The Shanghai Allied War Memorial, also called the Angel of Peace, was a war memorial on the Bund in Shanghai, China. It was unveiled in 1924 to commemorate the over 200 (mostly British) residents of the Shanghai International Settlement and French Concession who died in the service of the Allies in the First World War. The memorial was mostly dismantled in 1943, during the Japanese occupation of the city, and its empty plinth was destroyed in 1960.

== Background ==
After the foundation of the Shanghai International Settlement in 1863, the city's European residents erected a number of monuments commemorating Europeans in China and those who assisted them. The first such monument on the Bund was a small obelisk dedicated to the anti-Taiping Ever Victorious Army, erected in 1866. The North China Herald labeled it an "utterly unworthy erection." This was followed in 1880 by a more substantial and stylistically accomplished monument to Augustus Raymond Margary, which took the form of a gothic stone spire inspired by the Albert Memorial in London. Further sculptural additions to the Bund included a bronze statue of Sir Harry Parkes (1890), a memorial to the sunken German cruiser SMS Iltis (1896, destroyed 1918) which incorporated the ship's broken mast, and a bronze statue of Sir Robert Hart (1914).

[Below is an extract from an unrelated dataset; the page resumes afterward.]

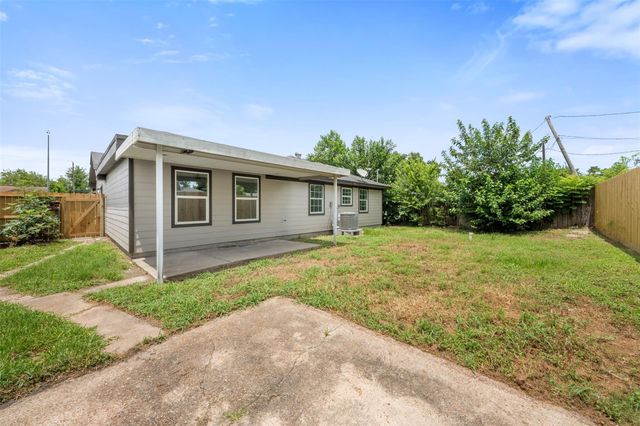 3112 Hays Street, Pasadena, TX 77503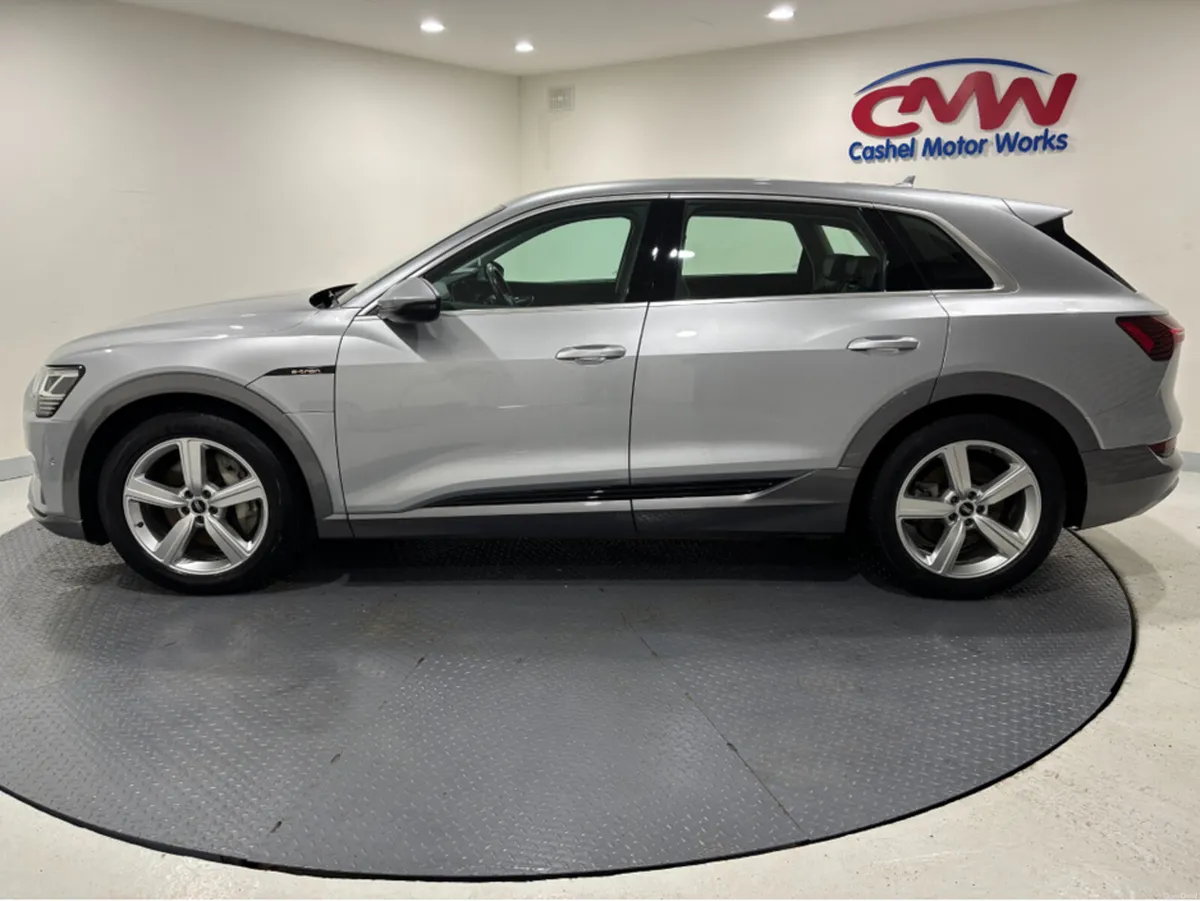 Audi e-tron TECHNIK 55 QUATTRO 300KW 95KWH**400KM - Image 4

Hundreds of British and French Shanghai residents departed to Europe in order to serve in the First World War, with the first large group departing from the Bund in October 1914. Smaller numbers of Germans departed from Shanghai and Qingdao, although they were not memorialized in Shanghai. The Shanghai-based British businessman Arthur L. Anderson lobbied for a memorial commemorating the Allied soldiers who fell in the war as early as 1916, and the municipal councils reserved a location for the memorial (at the end of Avenue Edward VII, which marked the boundary between the International Settlement and the French Concession) in 1917.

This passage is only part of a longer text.